Looking for a terror school to bomb? Try Georgia, USA

By George Monbiot in London

"If any government sponsors the outlaws and killers of innocents," President
George Bush said as the United States began bombing Afghanistan, "they have
become outlaws and murderers themselves. And they will take that lonely path
at their own peril."

I'm glad he said "any government", as there is one which, although it has
yet to be identified as a sponsor of terrorism, requires his urgent
attention.

For the past 55 years it has been running a terrorist training camp, whose
victims massively outnumber the people killed in the attack on New York, the
US embassy bombings and the other atrocities laid, rightly or wrongly, at
al-Qaeda's door.

The camp is called the Western Hemisphere Institute for Security
Co-operation, or Whisc. It is based in Fort Benning, Georgia, and it is
funded by Mr Bush's government.

Until January this year, Whisc was called the School of the Americas, or
SOA. Since 1946, it has trained more than 60,000 Latin American soldiers and
policemen.

Among its graduates are many of the continent's most notorious torturers,
mass murderers, dictators and state terrorists. Documentation compiled by
the pressure group SOA Watch shows that Latin America has been ripped apart
by its alumni.

In June this year, Colonel Byron Lima Estrada, once a student at the school,
was convicted in Guatemala City of murdering Bishop Juan Gerardi in 1998.

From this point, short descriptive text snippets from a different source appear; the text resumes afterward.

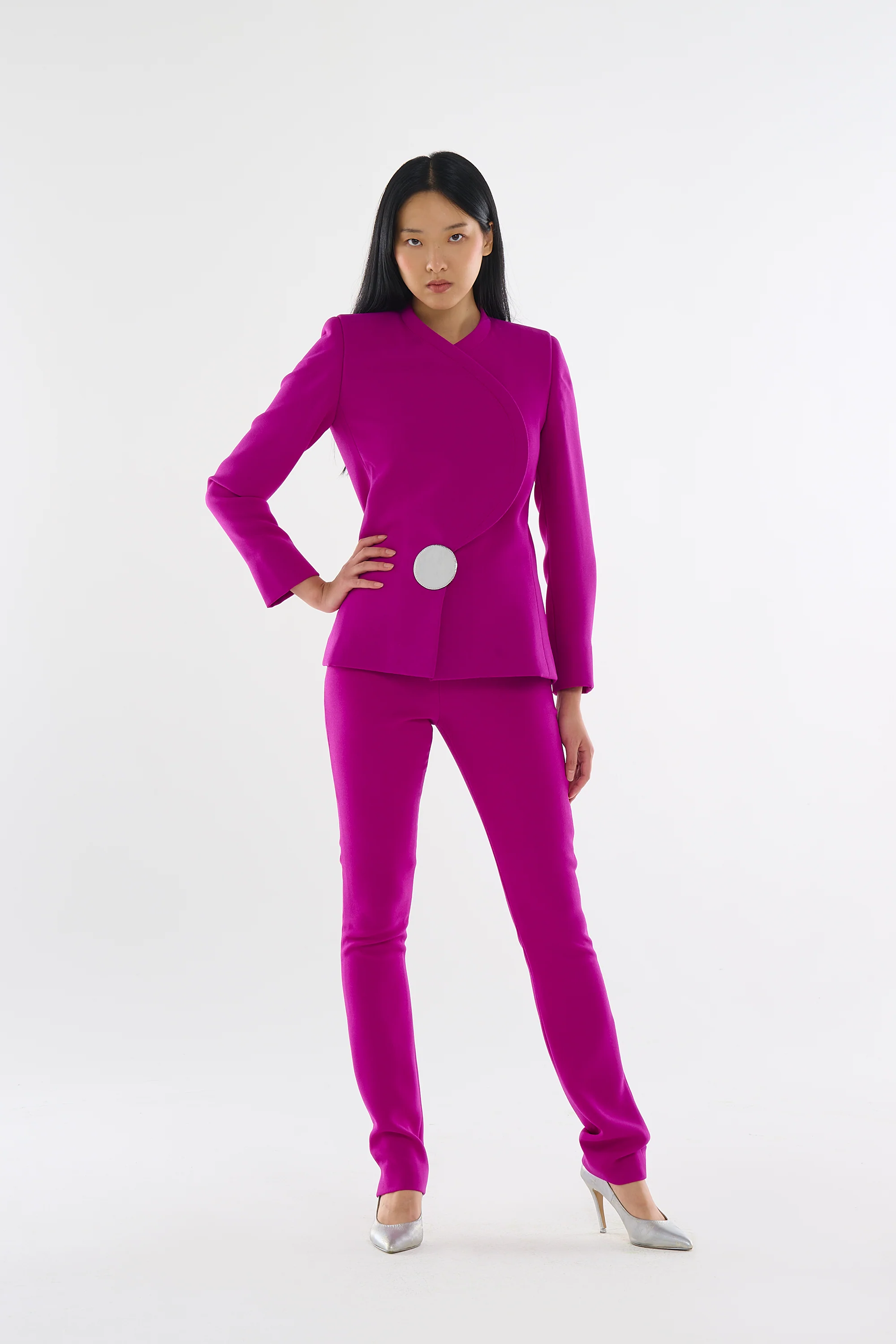 Shaula Suit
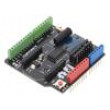 Modul: RF shield Arduino,XBee 9,6kbps 0÷70°C 315MHz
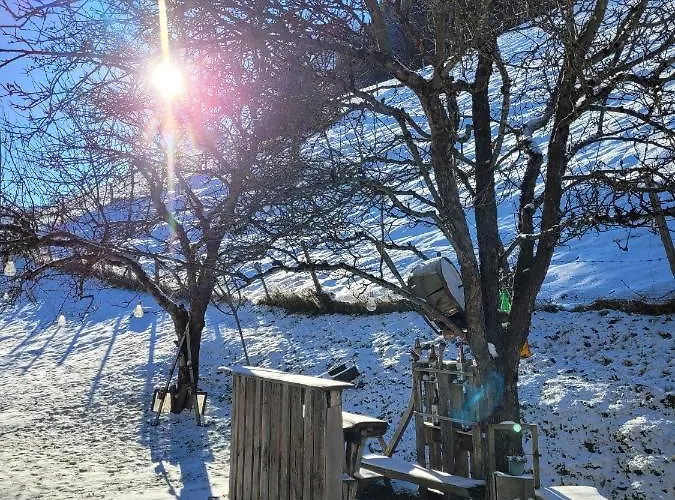 Gastein * Bad Hofgastein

The bishop was killed because he had helped to write a report on the
atrocities committed by Guatemala's D-2, the military intelligence agency
run by Lima Estrada with the help of two other SOA graduates.

D-2 co-ordinated the "anti-insurgency" campaign which obliterated 448 Mayan
Indian villages and murdered tens of thousands of their people.

Forty per cent of the cabinet ministers who served the genocidal regimes of
Lucas Garcia, Rios Montt and Mejia Victores studied at the SOA.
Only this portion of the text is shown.